Sunak urges US to back digital services tax

Image copyright
PA Media

The coronavirus crisis has made tech firms “more powerful and more profitable”, the chancellor said in a letter signed by European counterparts.

The letter from Rishi Sunak and finance ministers in France, Italy and Spain says tech giants, like Google, Amazon and Facebook, need “to pay their fair share of tax”.

International talks are taking place over how online sales should be taxed.

But on Wednesday, the US said it had walked away from the negotiating table.

Ganging up on America

The US Trade Representative Robert Lighthizer told Congress the US had abandoned efforts to find a multilateral solution to taxing tech firms in talks overseen by the Organisation for Economic Cooperation and Development (OECD).

He said other nations had ganged up to “screw America”.

In the letter, obtained by the BBC, the four finance ministers told the US Treasury Secretary, Steven Mnuchin, that the pandemic had increased the need for such levies.

“The current Covid-19 crisis has confirmed the need to deliver a fair and consistent allocation of profit made by multinationals operating without – or with little – physical taxable presence,” the letter said.

“The pandemic has accelerated a fundamental transformation in consumption habits and increased the use of digital services, consequently reinforcing digital business models’ dominant position and increasing their revenue at the expense of more traditional businesses.”

  • OECD: No deal on digital tax risks trade war
  • US says a UK trade deal ‘unlikely’ before November

The letter continues: “Digital giants, no matter where they are headquartered, will emerge from the current crisis more powerful and more profitable.”

“These companies benefit from free access to the European market.

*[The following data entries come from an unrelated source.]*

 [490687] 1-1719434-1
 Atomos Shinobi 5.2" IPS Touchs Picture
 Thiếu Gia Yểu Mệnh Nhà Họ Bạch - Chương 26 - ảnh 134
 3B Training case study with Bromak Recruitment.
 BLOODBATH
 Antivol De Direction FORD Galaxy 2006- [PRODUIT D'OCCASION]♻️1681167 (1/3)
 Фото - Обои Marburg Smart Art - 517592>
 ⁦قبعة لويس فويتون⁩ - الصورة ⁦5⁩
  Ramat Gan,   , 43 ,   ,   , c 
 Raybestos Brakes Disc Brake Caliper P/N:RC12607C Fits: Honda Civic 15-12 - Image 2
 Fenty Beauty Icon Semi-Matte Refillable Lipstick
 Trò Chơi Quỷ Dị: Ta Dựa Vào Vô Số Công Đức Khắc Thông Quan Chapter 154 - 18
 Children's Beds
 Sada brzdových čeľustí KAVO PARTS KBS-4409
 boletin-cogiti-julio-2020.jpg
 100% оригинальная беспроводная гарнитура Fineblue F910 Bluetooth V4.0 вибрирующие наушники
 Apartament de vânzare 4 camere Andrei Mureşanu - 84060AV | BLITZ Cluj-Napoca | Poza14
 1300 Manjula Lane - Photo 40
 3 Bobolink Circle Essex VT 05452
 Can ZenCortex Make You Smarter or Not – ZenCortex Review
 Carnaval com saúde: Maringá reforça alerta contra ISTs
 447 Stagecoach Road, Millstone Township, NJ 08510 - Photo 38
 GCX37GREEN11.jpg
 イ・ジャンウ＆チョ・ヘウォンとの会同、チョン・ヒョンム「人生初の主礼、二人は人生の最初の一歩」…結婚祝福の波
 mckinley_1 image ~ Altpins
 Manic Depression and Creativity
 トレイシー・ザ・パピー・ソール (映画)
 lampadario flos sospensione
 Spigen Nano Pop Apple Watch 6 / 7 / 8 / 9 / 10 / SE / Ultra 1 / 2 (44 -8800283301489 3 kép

It is fair and legitimate to expect that they pay their fair share of tax within countries where they create value and profit.”

The finance ministers’ letter says a solution is still possible this year.

Without it, and with promises from the European finance ministers to push ahead with their taxes, a tit-for-tat trade war could be in the offing, in the middle of a severe global recession, caused by the pandemic.